[Activity]: The reply should contain every line of the data, repeated exactly, and no pictures.

[Data below]:

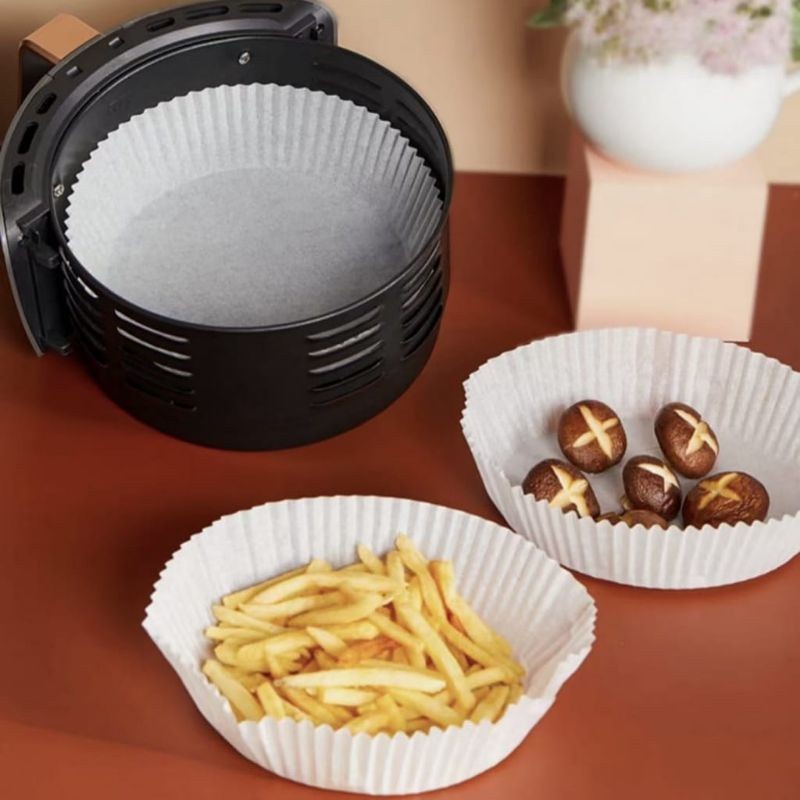 KERTAS ALAS AIR FRYER 50PCS ANTI LENGKET TAHAN MINYAK UK 20CM / KERTAS PENYERAP MINYAK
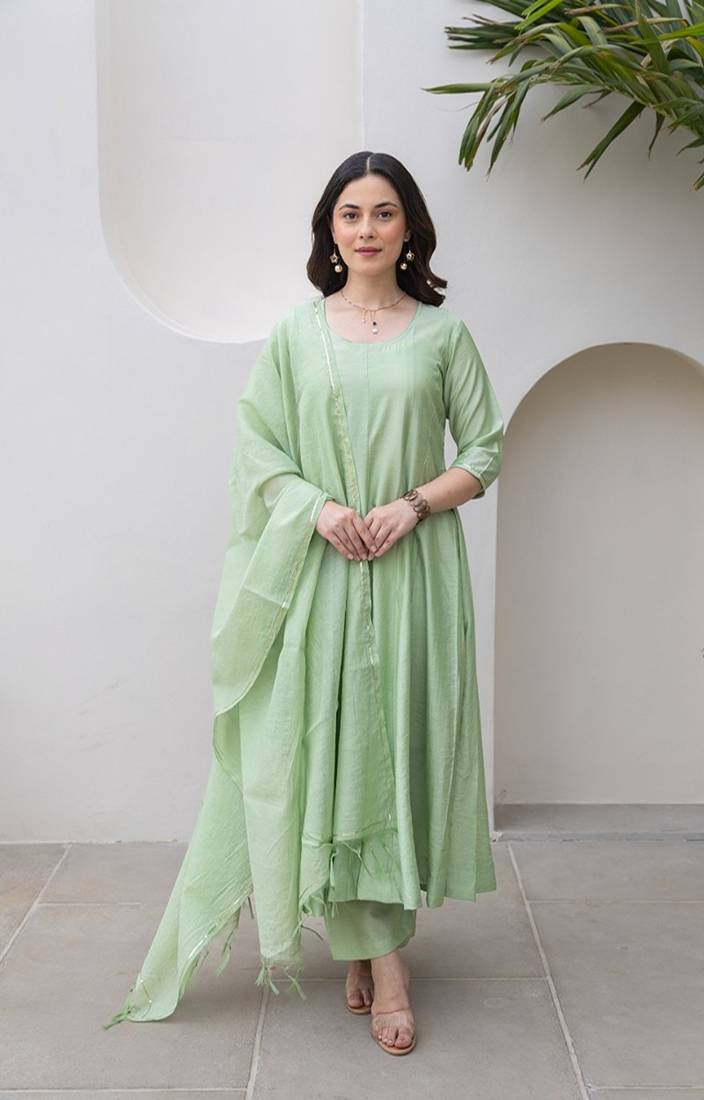 Pista green aari work chanderi stitched pant anarkali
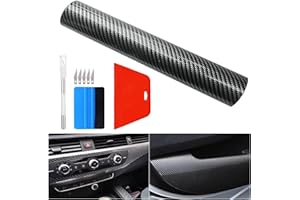 TRIVDPRO 6D High Glossy Carbon Fiber Vinyl Wrap 30 * 300CM Self-adhesive Bubble-free Waterproof Wrap Roll Contain Installation Tool Set for Car Interior, DIY Motorcycles and Laptop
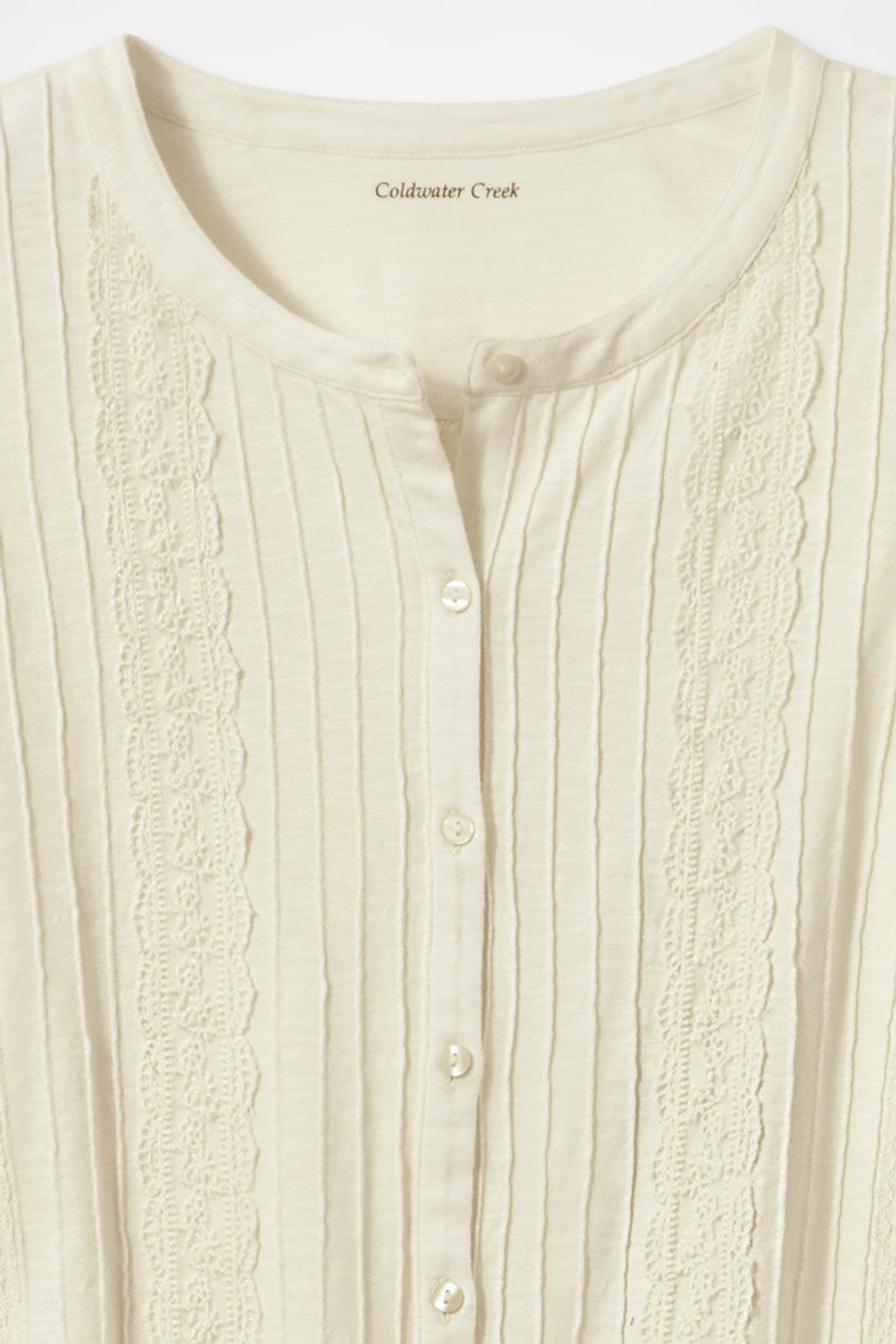 Pintucks and Lace Knit Top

[Exercise solution]:
 KERTAS ALAS AIR FRYER 50PCS ANTI LENGKET TAHAN MINYAK UK 20CM / KERTAS PENYERAP MINYAK
 Pista green aari work chanderi stitched pant anarkali
 TRIVDPRO 6D High Glossy Carbon Fiber Vinyl Wrap 30 * 300CM Self-adhesive Bubble-free Waterproof Wrap Roll Contain Installation Tool Set for Car Interior, DIY Motorcycles and Laptop
 Pintucks and Lace Knit Top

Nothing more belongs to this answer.